Unusually for a late Saturday afternoon, St Oswald’s was nicely heated and tasteful Christian hymns were being piped out of speakers. Gospels were available to take away free of charge and there was something very pleasing about the place. Closer inspection revealed a statue of Mary nestling in a crevice and a laminated A4 sheet entitled ‘Praying for Our Loved Ones Who Have Died’. The printed prayer written thereon was not as bad as it might have been, and a Bible verse from Thessalonians was wheeled out to offer some justification. As a Protestant, I do not approve of this, and here’s why:

-Praying for the dead implies- or declares- that they are not in the perfect state and require our assistance. The Roman Catholic instantly recognises here the mythical purgatory, from the fires of which departed sufferers receive relief on account of our prayers.

-Praying for the dead suggests that trusting Christ- or rejecting Him- was not the ultimate decision we must make. Those who died in Christ are not in need of our prayers; those who died without Him cannot be helped by them.

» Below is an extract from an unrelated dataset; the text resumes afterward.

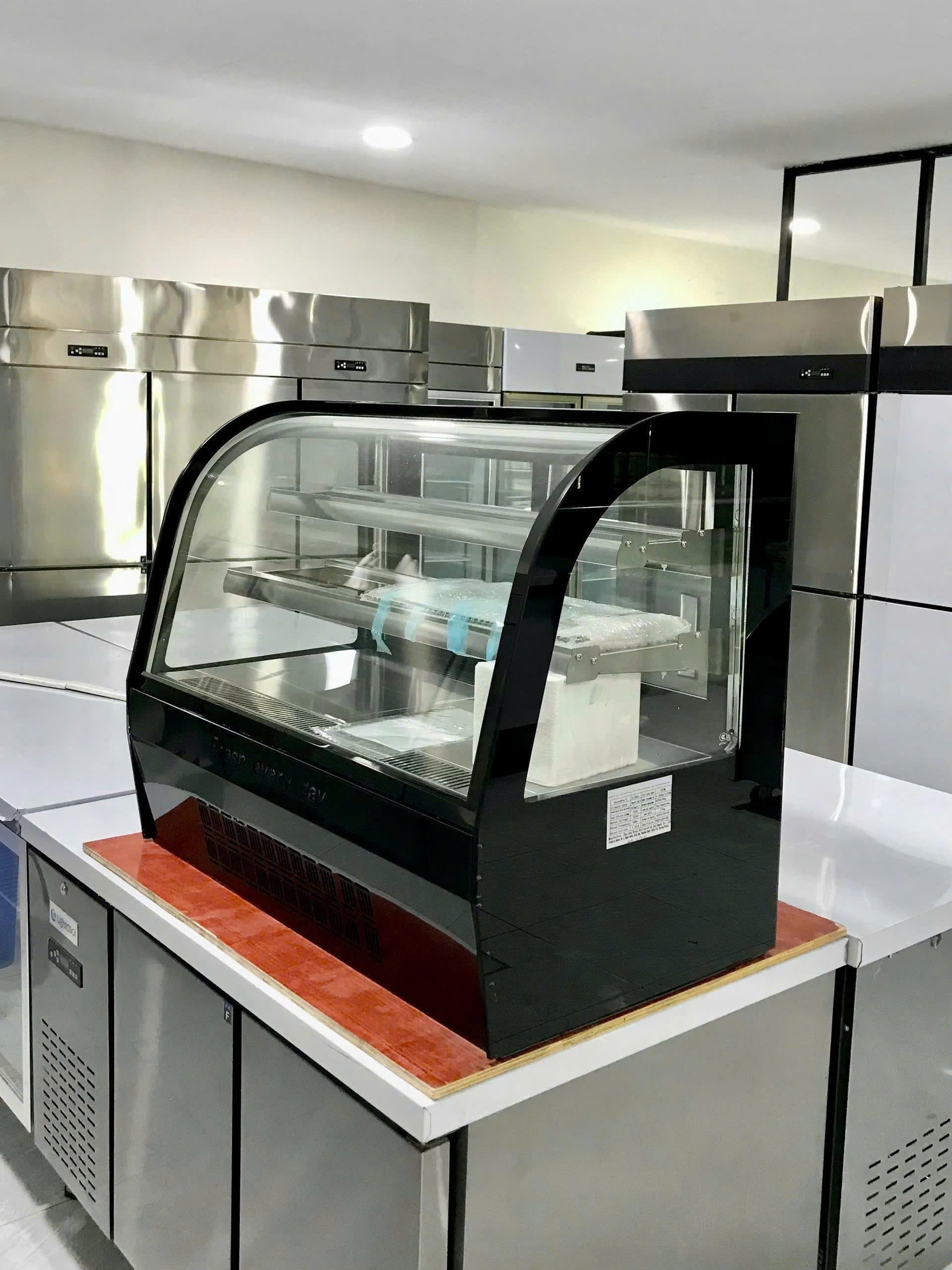Tủ bánh kem để bàn – TS-900Y – 115L - Tủ Bánh Kem Wincoold chính hãng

-It suggests that those fortunate enough to have caring loved ones with both the time and inclination to pray are in a stronger position than those without.

-Praying for them is not a million miles away to praying to them, a practice anathema to the scriptural record and cheerfully embarked upon by Rome, as they offer incantations to the saints. 

I like the vicar at Warton and I admire his wonderfully historical church with its cheeky American flag. Nevertheless, his temple needs cleansing.